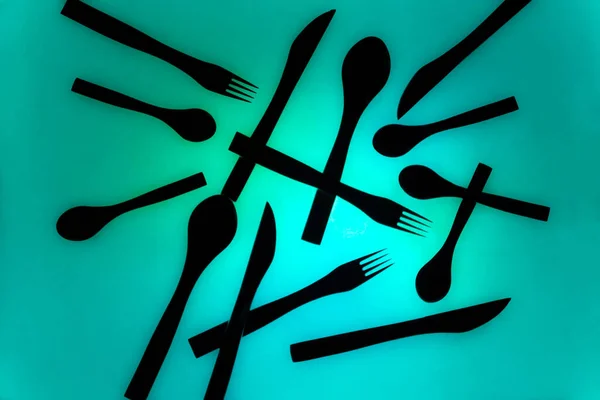 Set Cutlery Colorful Background — Stock Photo, Image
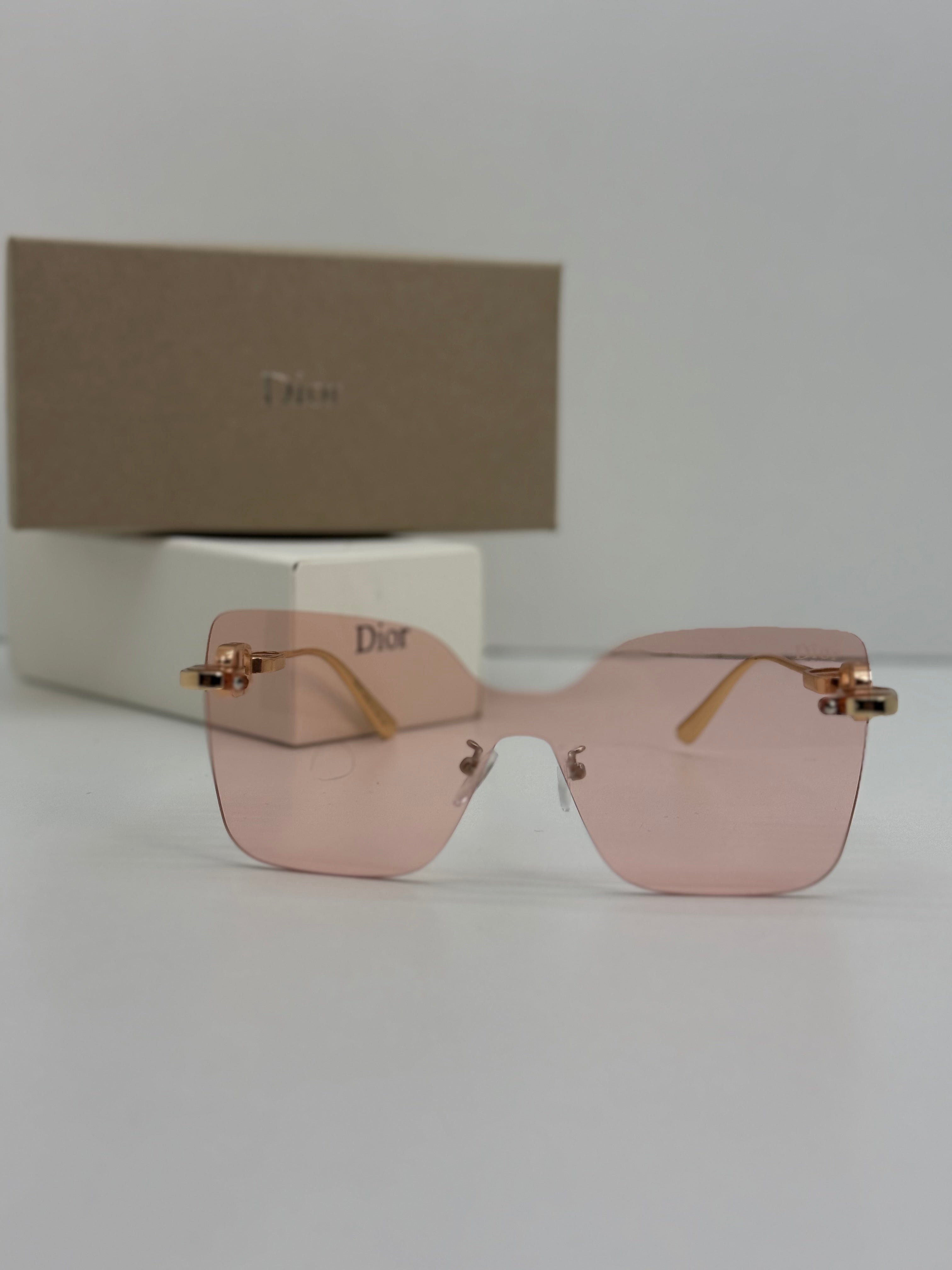 Dior Rimless Square Sunglasses (Gold / Pink)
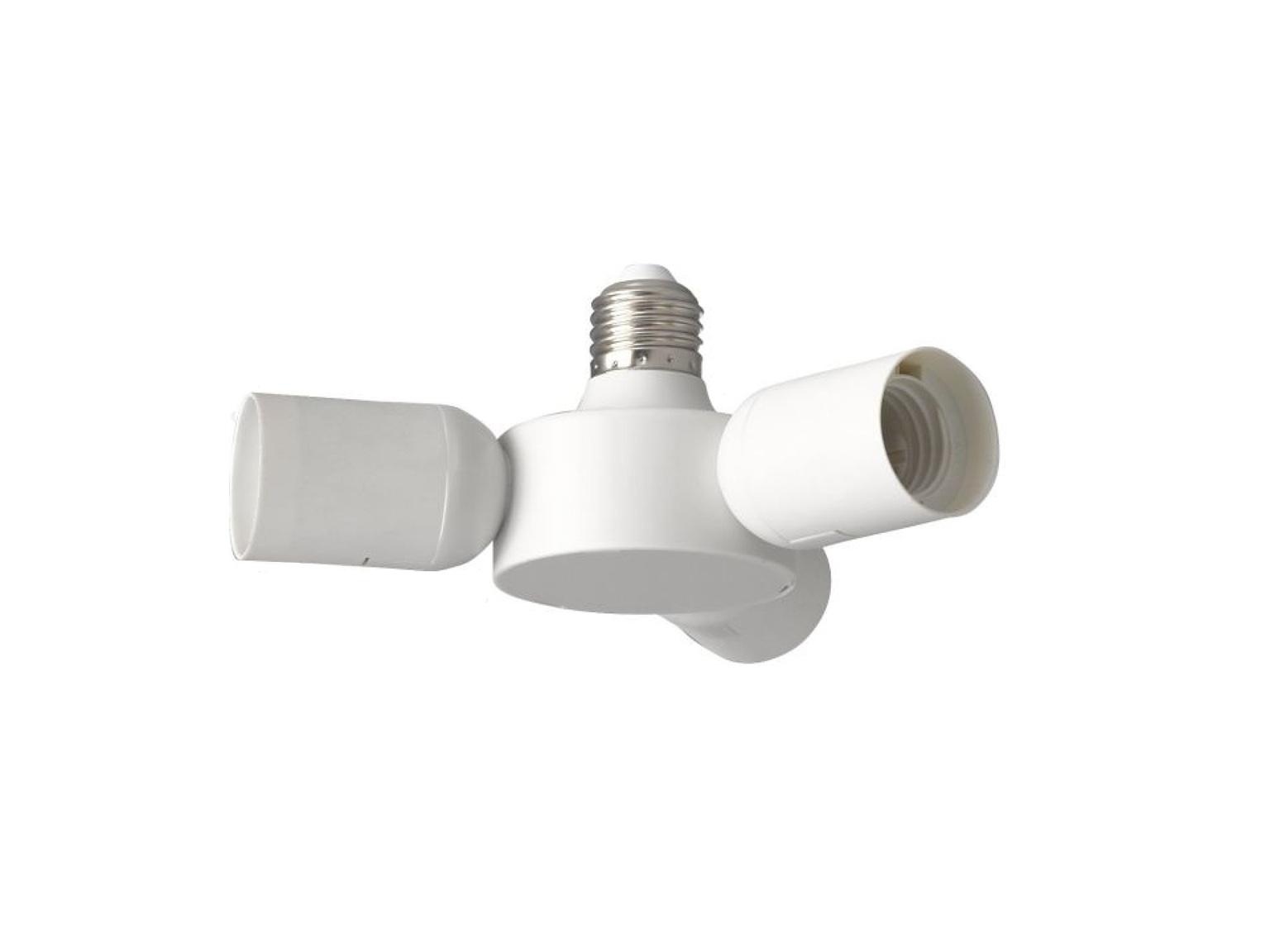 Verloop fitting van E27 naar 3 x E27 fitting wit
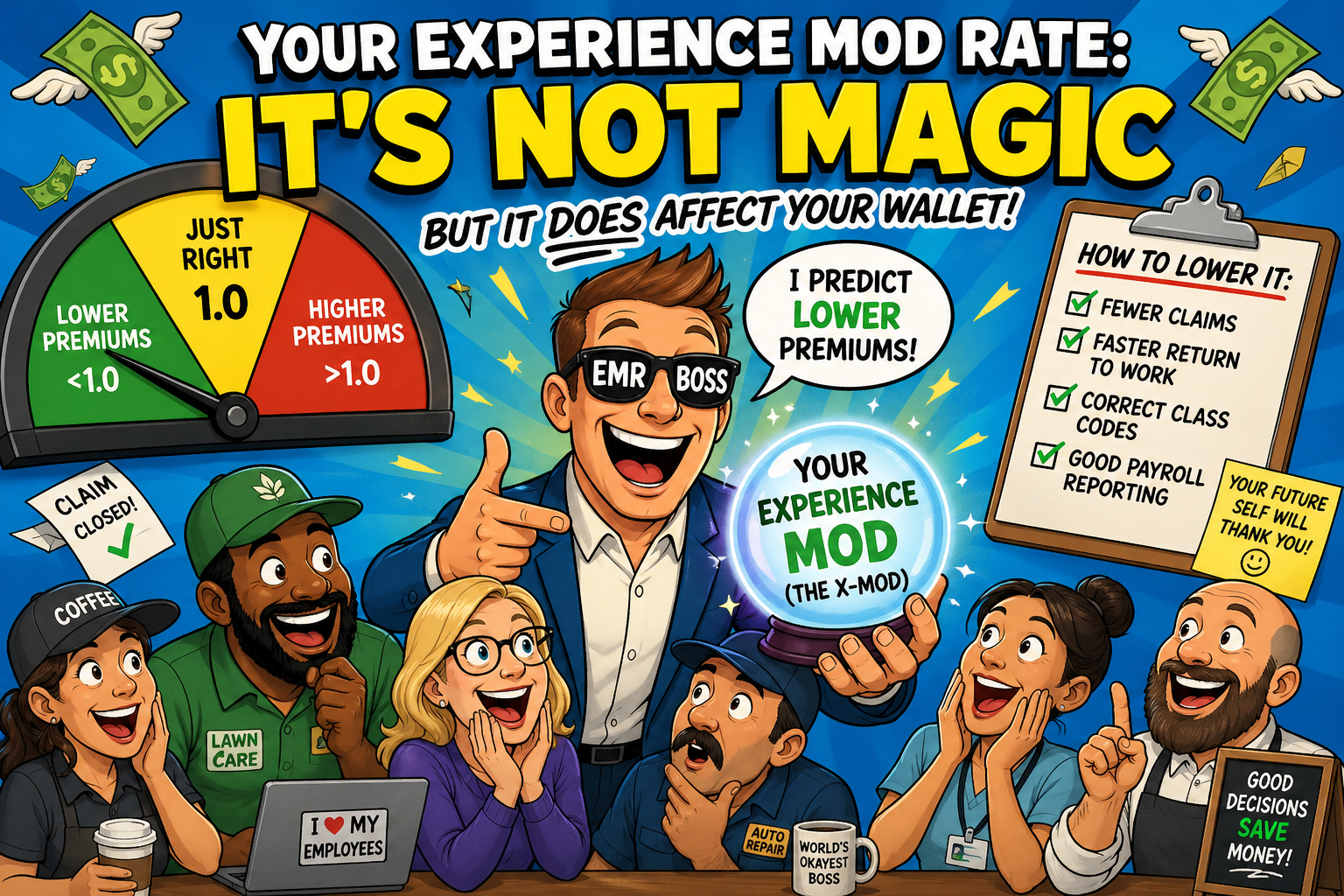 Experience modification rate in North Carolina workers comp with EMR gauge, claims review, and premium impact checklist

▶ [TASK OBJECTIVE] The material is to be reproduced verbatim, and no picture may appear in the copy.

▶ [YOUR SOLUTION]
 Set Cutlery Colorful Background — Stock Photo, Image
 Dior Rimless Square Sunglasses (Gold / Pink)
 Verloop fitting van E27 naar 3 x E27 fitting wit
 Experience modification rate in North Carolina workers comp with EMR gauge, claims review, and premium impact checklist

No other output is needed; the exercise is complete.